2月28日に、富士フイルムから約100万円の超高額ミラーレスカメラ「GFX 50S」(以下GFX)が発売された。1月19日に開かれた発表会には、古森重隆代表取締役会長・CEOも出席。会場には本社のある東京から遠く離れた京都の二条城があえて選ばれた。
二条城といえば15代将軍・徳川慶喜が大政奉還を行った場所。ハイエンドカメラといえば「フルサイズのイメージセンサーが取り付けられた一眼レフ」というのがこれまでの常識だが、「その状況に一石を投じたい」(飯田年久・光学・電子映像事業部長)という願いを、政治支配体制が変わった大政奉還と重ね合わせたという。
GFXの特長は、付属バッテリー、メモリーカードを含んだ本体が約825グラムと、プロ向け一眼レフの半分程度の重さにもかかわず高画質を実現した点だ。画質を決めるポイントとなるイメージセンサーは、フルサイズ(36ミリ×24ミリ)を上回る中判サイズ(43.8ミリ×32.9ミリ)を採用した。イメージセンサーが大きいほど光を多く取り入れられ、より解像度の高い写真を撮影できる。

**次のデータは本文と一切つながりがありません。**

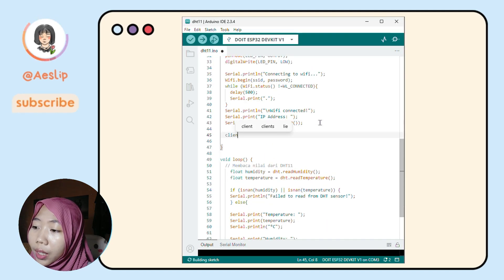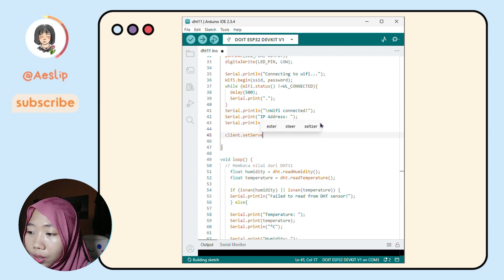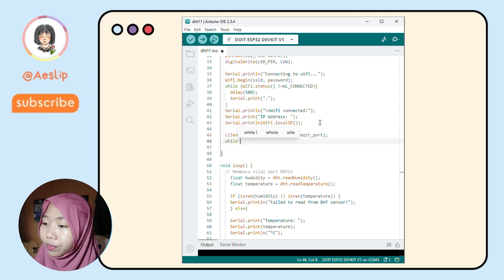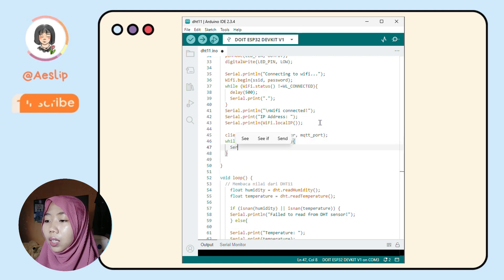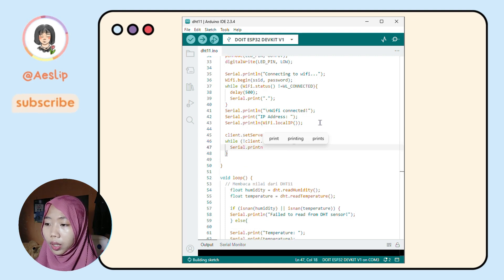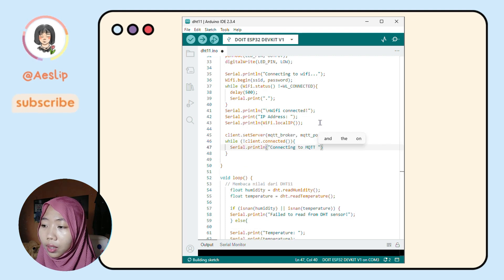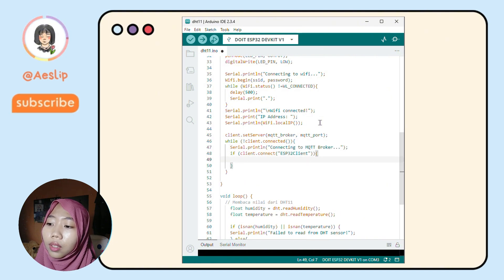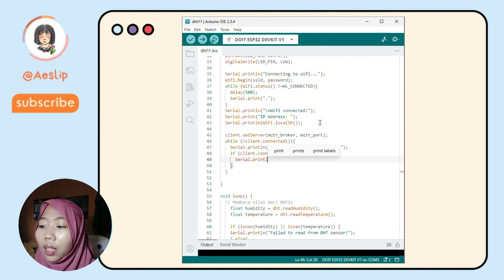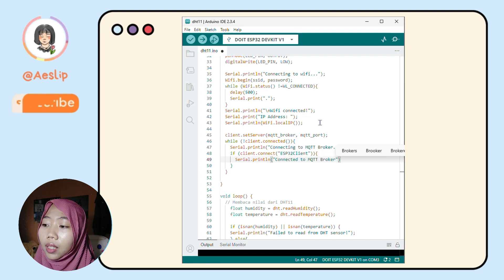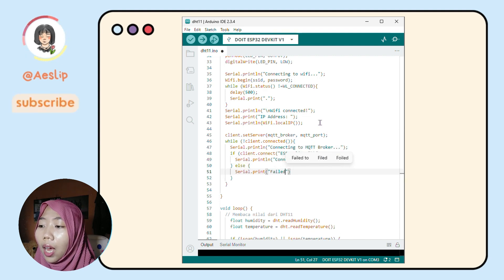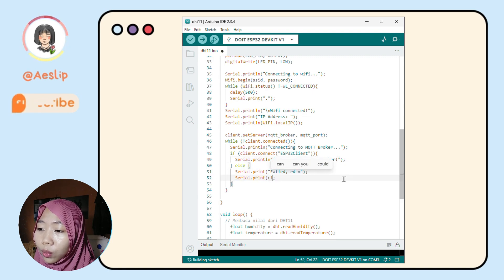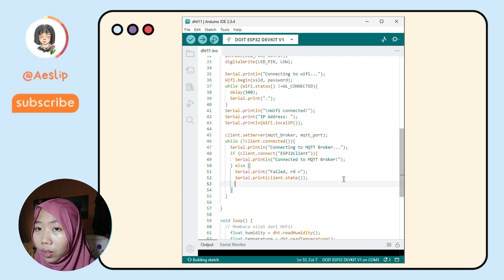Move to the void setup. Set the client server to the broker and port we defined before. Then use the same logic as the Wi-Fi connection. If the ESP successfully connects to the broker, it will show an alert in the serial monitor. Otherwise, if it's not connected, it will keep trying until it connects.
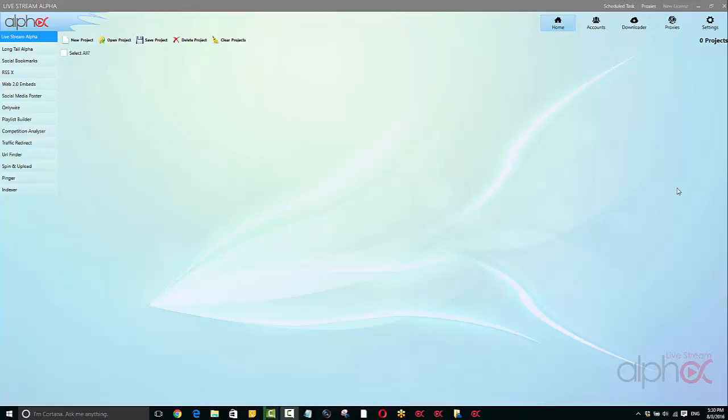Alright guys, Tony here and this is the beginning of the tutorials for Livestream Alpha.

「開発でいちばん苦労したのは、中判サイズの大きいイメージセンサーを使用しつつ、いかに小型・軽量にするかという点だった」と飯田氏は話す。本体を小さくするためには光を集める部分も小さくしたいが、レンズ部分にあるイメージセンサーには斜めから光が入ってはいけない。隅々まで光が真っすぐ入るようにするためイメージセンサー部分の形状を変え、少し傾けることで効率よく光を集めるようにしたという。
山岳カメラマンから高評価
製品ができ上がると、発売前にプロに貸し出して感想を聞いた。すると特に山岳カメラマンの間で評価が高かった。小型・軽量で持ち運びが容易な点に魅力を感じたようだ。ほかにポートレートの撮影を専門とするプロにも受けがよかった。富士フイルムのカメラは、もともと肌の色合いをきれいに出すことを得意とするが、イメージセンサーのサイズを従来製品より大きくしたことで、より細やかな表現ができるようになった。
このカメラはプロやアマチュアながら本格的なカメラ愛好家などが対象となる。特にプロに対しては、カメラの性能だけではなく、代替機の貸し出しやメンテナンスなどのサポート体制を充実させることが重要だ。たとえばキヤノンやニコンは、スポーツ大会中にプロの持つカメラが故障した際に同じ機種を貸し出すことで、円滑に仕事を行える体制を長らく敷いてきた。